(SOURCE INFORMATION)
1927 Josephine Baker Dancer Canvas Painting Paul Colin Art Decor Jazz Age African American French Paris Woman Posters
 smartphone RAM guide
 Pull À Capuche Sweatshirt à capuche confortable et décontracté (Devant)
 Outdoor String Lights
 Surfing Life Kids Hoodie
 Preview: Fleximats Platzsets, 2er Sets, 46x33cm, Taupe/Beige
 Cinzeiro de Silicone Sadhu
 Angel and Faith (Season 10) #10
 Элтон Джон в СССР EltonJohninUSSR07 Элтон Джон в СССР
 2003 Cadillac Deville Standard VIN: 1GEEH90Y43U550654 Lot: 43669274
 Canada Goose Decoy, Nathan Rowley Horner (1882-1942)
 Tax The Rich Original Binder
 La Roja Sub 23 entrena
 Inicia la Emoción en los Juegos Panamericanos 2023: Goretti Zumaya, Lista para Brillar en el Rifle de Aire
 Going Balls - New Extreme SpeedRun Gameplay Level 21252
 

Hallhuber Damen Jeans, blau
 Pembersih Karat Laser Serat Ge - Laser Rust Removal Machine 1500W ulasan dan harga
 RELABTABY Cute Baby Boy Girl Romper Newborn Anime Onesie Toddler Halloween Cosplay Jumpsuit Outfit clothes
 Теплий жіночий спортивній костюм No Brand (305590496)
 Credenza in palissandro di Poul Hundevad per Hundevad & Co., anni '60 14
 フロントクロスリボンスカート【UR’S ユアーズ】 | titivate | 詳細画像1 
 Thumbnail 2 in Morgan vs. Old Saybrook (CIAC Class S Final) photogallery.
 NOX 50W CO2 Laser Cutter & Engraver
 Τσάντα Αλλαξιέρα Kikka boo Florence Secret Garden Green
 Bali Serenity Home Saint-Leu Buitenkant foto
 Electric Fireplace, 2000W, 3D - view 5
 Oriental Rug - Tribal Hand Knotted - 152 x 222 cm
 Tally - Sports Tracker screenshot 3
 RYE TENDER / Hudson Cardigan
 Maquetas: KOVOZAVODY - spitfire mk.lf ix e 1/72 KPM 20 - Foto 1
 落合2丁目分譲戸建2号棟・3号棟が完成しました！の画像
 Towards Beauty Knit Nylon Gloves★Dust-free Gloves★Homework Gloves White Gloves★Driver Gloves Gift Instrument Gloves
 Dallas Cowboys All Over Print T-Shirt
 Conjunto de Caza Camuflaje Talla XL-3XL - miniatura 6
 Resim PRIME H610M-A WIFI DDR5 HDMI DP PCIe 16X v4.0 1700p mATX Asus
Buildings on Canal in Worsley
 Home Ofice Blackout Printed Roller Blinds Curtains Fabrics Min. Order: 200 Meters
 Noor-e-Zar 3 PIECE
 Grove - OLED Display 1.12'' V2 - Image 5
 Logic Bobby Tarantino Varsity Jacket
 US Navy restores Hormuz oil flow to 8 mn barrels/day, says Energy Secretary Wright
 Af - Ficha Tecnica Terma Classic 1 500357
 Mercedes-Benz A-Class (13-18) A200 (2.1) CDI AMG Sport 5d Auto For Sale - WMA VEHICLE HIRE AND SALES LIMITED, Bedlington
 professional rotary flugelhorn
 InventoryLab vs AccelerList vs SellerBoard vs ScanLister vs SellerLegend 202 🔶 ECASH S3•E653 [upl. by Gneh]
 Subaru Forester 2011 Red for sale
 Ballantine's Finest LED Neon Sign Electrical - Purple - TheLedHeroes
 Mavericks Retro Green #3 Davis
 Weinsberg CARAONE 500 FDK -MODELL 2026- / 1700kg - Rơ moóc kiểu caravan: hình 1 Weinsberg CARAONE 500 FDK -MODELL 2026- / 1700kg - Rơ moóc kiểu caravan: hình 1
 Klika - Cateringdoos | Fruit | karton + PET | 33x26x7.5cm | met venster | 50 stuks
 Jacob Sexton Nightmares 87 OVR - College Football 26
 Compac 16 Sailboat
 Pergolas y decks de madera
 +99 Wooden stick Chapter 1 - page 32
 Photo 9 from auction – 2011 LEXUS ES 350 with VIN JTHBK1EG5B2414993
(End SOURCE INFORMATION)
→ **PROBLEM TO WORK ON**: Using the records above, copy word for word the line with "Subaru Forester 2011 Red for sale", the line with "hình 1 Weinsberg", and every line between them.

→ **COMPLETED EXERCISE**:
 Subaru Forester 2011 Red for sale
 Ballantine's Finest LED Neon Sign Electrical - Purple - TheLedHeroes
 Mavericks Retro Green #3 Davis
 Weinsberg CARAONE 500 FDK -MODELL 2026- / 1700kg - Rơ moóc kiểu caravan: hình 1 Weinsberg CARAONE 500 FDK -MODELL 2026- / 1700kg - Rơ moóc kiểu caravan: hình 1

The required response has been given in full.